About six months ago we embarked on a project to design a real time dashboard that helps network administrators quickly answer the question – What is going on in my network right now?
This simple question can have many, often complex answers, and the current tools in the market usually added to this complexity, and/or only answered a small portion of the question.
So we set out on our mission to create a simple, yet useful real time network monitoring solution.
Where to start?
In the wise words of Arnold Schwarzenegger:
“I’m gonna ask you a bunch of questions, and I want to have them answered immediately!”
– Kindergarten Cop
The Arnie quote above has become a catch phrase at Fastvue. In order to answer the question ‘What is going on in my network‘, we realized that there are many sub-questions that need to be answered first. And in the real-time game, network administrators really do want them answered immediately!
To help simplify the problem, we decided to categorize these questions into the typical question types: Who, What, When, Where, How and Why.

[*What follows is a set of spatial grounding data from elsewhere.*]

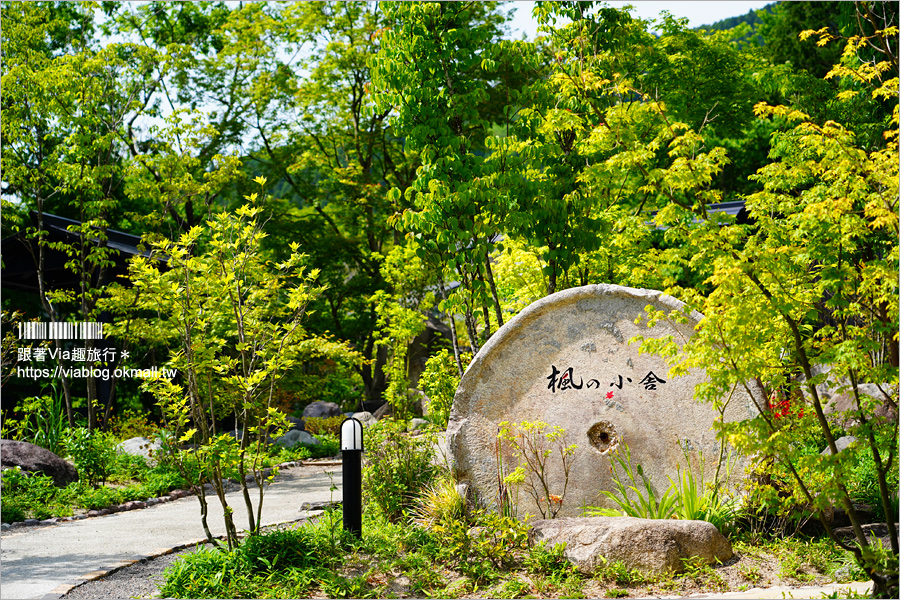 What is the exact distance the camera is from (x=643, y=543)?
4551mm

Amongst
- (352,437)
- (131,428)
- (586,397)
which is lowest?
(131,428)

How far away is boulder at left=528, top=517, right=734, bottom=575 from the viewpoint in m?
4.53

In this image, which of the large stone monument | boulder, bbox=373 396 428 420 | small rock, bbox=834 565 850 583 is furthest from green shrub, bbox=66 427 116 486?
small rock, bbox=834 565 850 583

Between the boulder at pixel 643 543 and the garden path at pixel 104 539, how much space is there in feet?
9.58

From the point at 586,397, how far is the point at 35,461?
6.16 m

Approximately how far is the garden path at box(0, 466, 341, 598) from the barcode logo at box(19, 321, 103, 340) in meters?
3.70

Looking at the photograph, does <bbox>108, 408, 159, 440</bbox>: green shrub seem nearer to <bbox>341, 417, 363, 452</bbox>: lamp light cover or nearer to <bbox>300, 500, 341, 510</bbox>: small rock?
<bbox>300, 500, 341, 510</bbox>: small rock

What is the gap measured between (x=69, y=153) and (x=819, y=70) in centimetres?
1758

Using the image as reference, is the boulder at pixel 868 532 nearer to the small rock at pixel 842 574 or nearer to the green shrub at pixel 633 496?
the small rock at pixel 842 574

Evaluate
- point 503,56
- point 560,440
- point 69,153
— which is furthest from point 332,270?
point 560,440

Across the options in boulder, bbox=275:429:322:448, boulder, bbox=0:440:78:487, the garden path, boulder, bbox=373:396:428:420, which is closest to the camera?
the garden path

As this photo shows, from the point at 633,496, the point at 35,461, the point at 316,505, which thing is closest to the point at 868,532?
the point at 633,496

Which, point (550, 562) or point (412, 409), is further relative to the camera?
point (412, 409)

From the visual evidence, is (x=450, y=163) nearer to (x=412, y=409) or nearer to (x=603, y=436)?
(x=603, y=436) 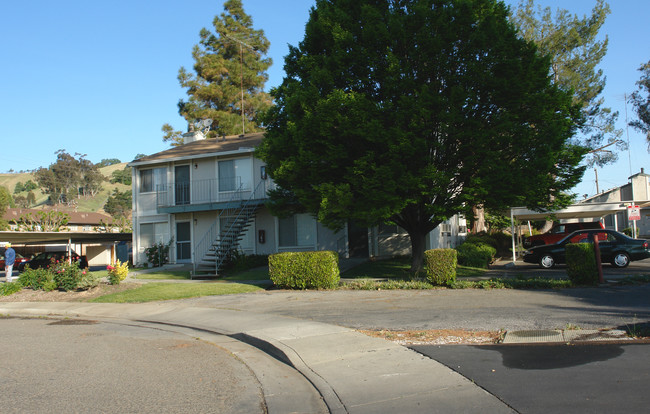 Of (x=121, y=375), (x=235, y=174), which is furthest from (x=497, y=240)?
(x=121, y=375)

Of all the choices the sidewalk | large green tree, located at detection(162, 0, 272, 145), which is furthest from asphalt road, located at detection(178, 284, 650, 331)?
large green tree, located at detection(162, 0, 272, 145)

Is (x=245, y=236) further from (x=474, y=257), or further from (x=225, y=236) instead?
(x=474, y=257)

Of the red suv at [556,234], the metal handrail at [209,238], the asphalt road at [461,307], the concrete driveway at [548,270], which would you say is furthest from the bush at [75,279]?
the red suv at [556,234]

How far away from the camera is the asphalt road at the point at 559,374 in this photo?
488cm

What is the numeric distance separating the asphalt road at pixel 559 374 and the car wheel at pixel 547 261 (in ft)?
47.4

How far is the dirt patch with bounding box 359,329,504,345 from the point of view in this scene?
7914 millimetres

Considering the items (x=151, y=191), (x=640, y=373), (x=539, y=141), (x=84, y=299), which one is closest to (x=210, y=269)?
(x=84, y=299)

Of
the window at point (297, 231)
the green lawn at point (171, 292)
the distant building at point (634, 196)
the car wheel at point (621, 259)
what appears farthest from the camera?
the distant building at point (634, 196)

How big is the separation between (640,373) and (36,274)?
61.1 ft

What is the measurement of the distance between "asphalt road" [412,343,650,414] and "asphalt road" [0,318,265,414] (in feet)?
8.59

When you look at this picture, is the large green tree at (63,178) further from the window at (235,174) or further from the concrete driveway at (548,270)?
the concrete driveway at (548,270)

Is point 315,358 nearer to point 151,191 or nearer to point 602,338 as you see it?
point 602,338

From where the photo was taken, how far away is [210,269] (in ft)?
70.3

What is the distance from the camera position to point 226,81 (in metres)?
45.0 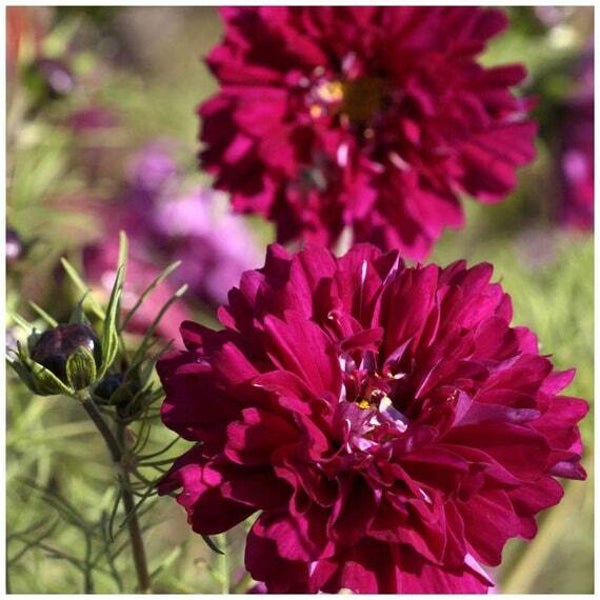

Making a list of ‘who’ questions was pretty straight forward. There’s really just one that we cared about:
- Who is using my network right now?
The answers to this question can vary depending on the organization. For example, ‘who’ could be an employee, a student, a teacher or a volunteer worker. Organizations of any decent size talk in terms of ‘groups of users’, so ‘who’ could also be a department or branch office for example.
Fortunately, our customers use a product called Active Directory to manage their employees, departments, and so on. Leveraging this information therefore became a significant part of our development plan.
The list of ‘what’ questions was certainly the most extensive:
- What sites are being accessed?
- What applications are being used?
- What computers or IPs are being used?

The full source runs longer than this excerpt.